Where to invest $1,000 right now

When our analyst team has a stock tip, it can pay to listen. After all, Stock Advisor’s total average return is 998%* — a market-crushing outperformance compared to 207% for the S&P 500.

They just revealed what they believe are the 10 best stocks for investors to buy right now, available when you join Stock Advisor.

See the stocks »

*Stock Advisor returns as of May 19, 2026.

This podcast was recorded on May 13, 2026.

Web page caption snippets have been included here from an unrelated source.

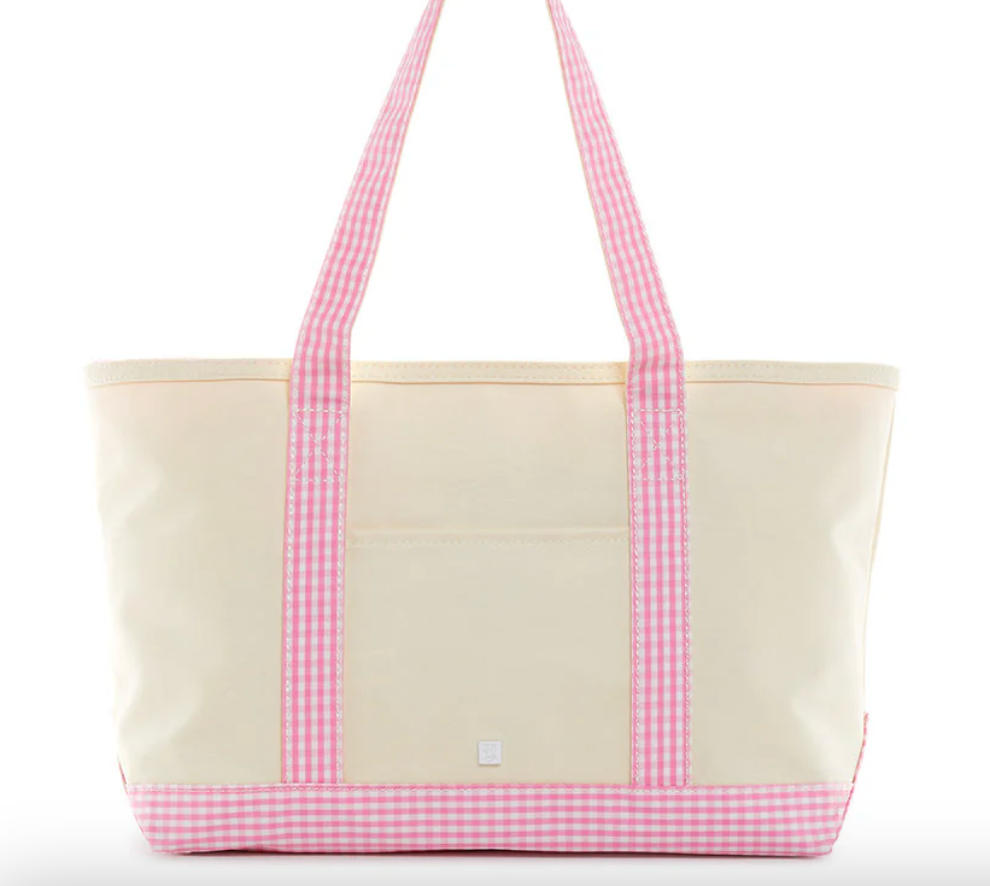 MEDIUM TOTE - COATED CANVAS NATURAL with GINGHAM PINK TRIM by TRVL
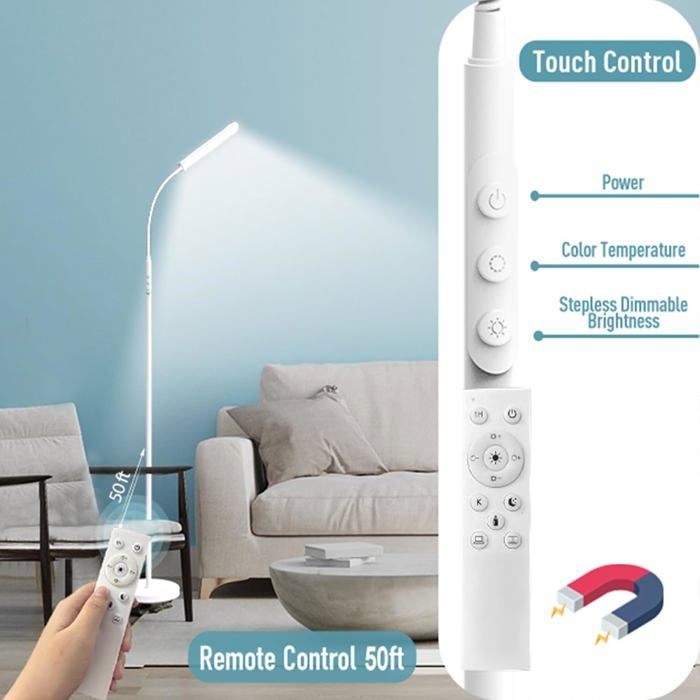 Lampadaire De Salon Avec Liseuse, Plafonnier LED Dimmable, 3 Températures De Couleur, Minuterie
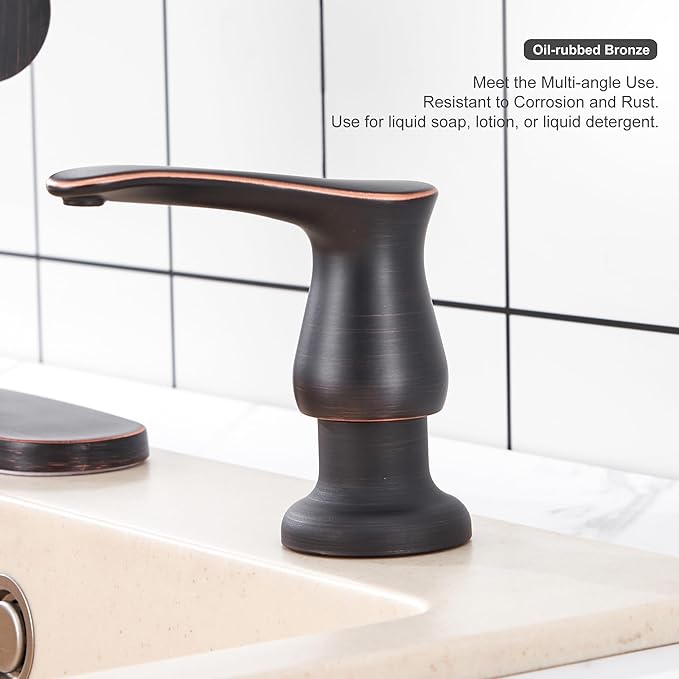GAGALIFE Kitchen Sink Soap Dispenser Oil Rubbed Bronze, Under Sink Soap Dispenser with 40" Silicone Extension Tube Kit,Say Goodbye to Frequent Refills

Travis Hoium: Inflation is back, and Motley Fool Hidden Gems Investing starts now. Welcome to Motley Fool Hidden Gems Investing. I'm Travis Hoium, joined today by Rachel Warren and our substitute for Lou Whiteman, Tyler Crowe. Guys, we're going to talk a lot about inflation today, and before you think that this is going to be a boring episode, we are going to tie this to what this means to investing because inflation is not all that fun. I don't think it when prices go up. I don't think anybody really does, but it really matters to what's going to happen to the market. We're going to try to piece all this together. The thing that came out earlier this week, we'll get to PPI in just a second, but CPI came out earlier this week. That's the Consumer Price Index. This is what you and I feel when we go to the grocery store, or we fill up our gas tank. Inflation, Rachel, was 3.8% in the month of April. That was hotter than expected and much higher than the two or 3% that the Fed would like inflation to be at, and things are really picking up. Energy prices were up 6.1%, vehicle maintenance is up, food is up. That's the stuff that we feel as consumers. What stuck out to you in the data, and how do you wrap your head around it?

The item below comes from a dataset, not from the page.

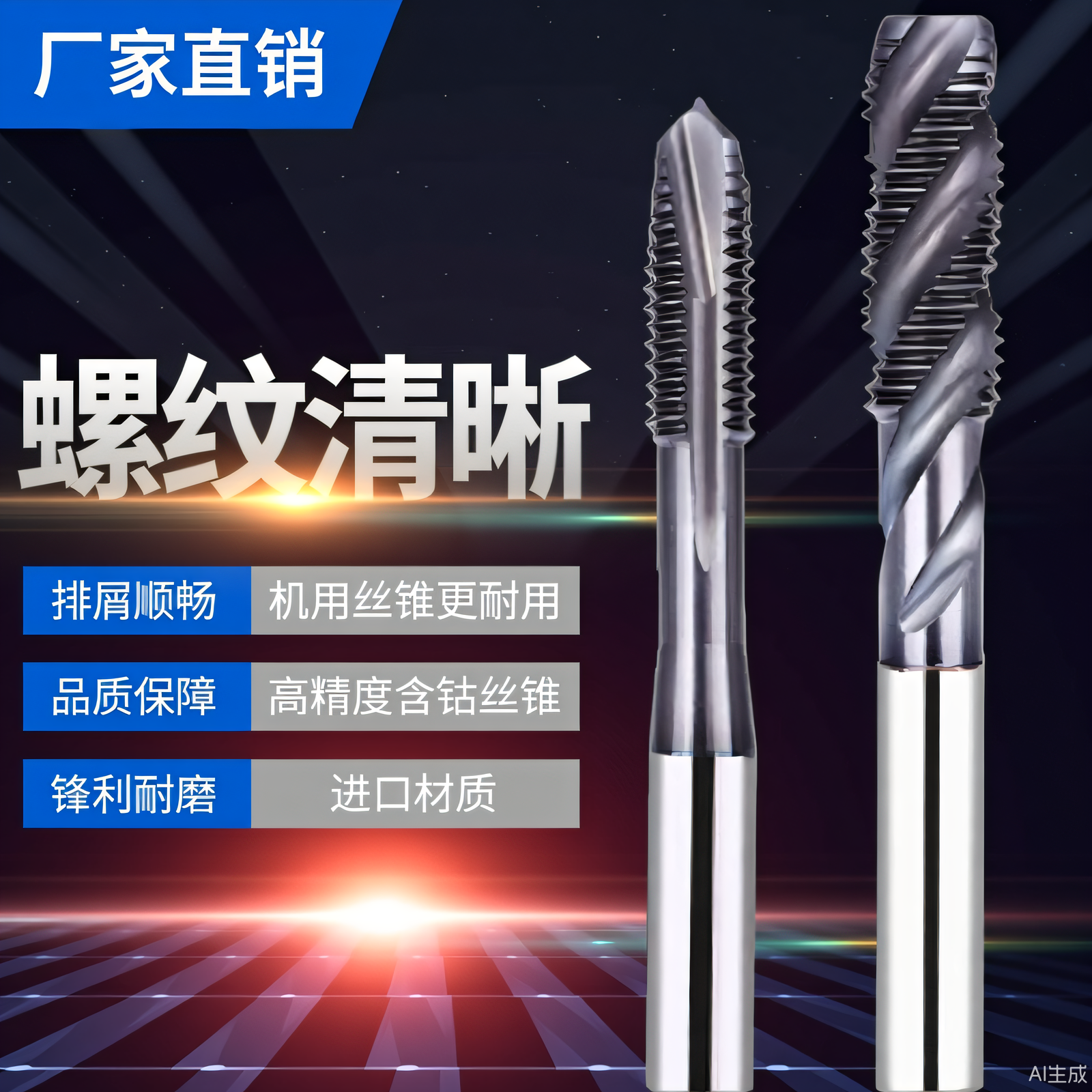 进口涂层高钴先端螺旋丝锥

Rachel Warren: Well, that headline numbers up a bit from 3.3% in March. It's the highest annual rate we're seeing since May of 2023. That spike, though, as you noted, it's being heavily fueled by. We saw an energy index surge of 17.9% over the last 12 months. Energy commodities spike 29.2%, gas prices up 28.4%, fuel oil rising 54.3%. Core inflation, so excluding volatile food and energy costs, also accelerated to 2.8% annually, hitting a monthly increase of 0.4%, but consumers are seeing price hikes in everyday categories. Electricity costs, motor vehicle maintenance, airline fares. Obviously, the really immediate ramifications are the squeeze on the consumer. I mean, we're seeing inflation outpace annual wage growth for the first time in three years that actually drove real inflation-adjusted hourly earnings down by 0.3% based on this recent readout. Now, there's been some speculation that this could maybe alter the Fed's playbook. We're seeing fixed income markets are adjusting to this higher-for-longer rate environment. You've got some analysts floating the possibility of a rate hike. I think ultimately we're seeing a reality where there's this prolonged gap between sticky inflation. We're seeing low-yielding traditional bank accounts, means that cash reserves might rapidly lose their purchasing power. There are a lot of first and second-order impacts on consumers, and it's something that's not just going to go away, even if the current conflict that we're seeing that's driving some of these price hikes is to abate in the next two to three weeks.

Travis Hoium: Tyler, one of the interesting things is the market does not really seem to care that the CPI is going up, in particular. One of the pushbacks I always get when I post about this is, hey, as long as the hyperscalars continue to spend $1 trillion plus or minus on building out this AI infrastructure, who cares if bananas are a little bit more expensive or it costs a little bit more to fill your gas tank. There's a little bit of truth to that, but it also seems like it's a little worrying under the surface.

Tyler Crowe: This is not just something that we're seeing in these numbers right now. It's been bubbling under the surface, like we said, the market's rallying. S&P 500, as we'll call it, a representative sample of the entire market, is doing well. I mean, it's up 8% this year. The next one hundred up 16%, but if you start to look down into the components, there is really a have and have-nots aspect to this, mostly related to AI infrastructure spending and all the trickle-down effects when you get into that because right now only 52% of the stocks in the S&P 500 are now above their 50-day moving average, which basically means you have almost half, 48% of them are basically, trending down and probably headed down further in the sense of consumer spending. We're seeing margins compression, we're seeing a lack of sales.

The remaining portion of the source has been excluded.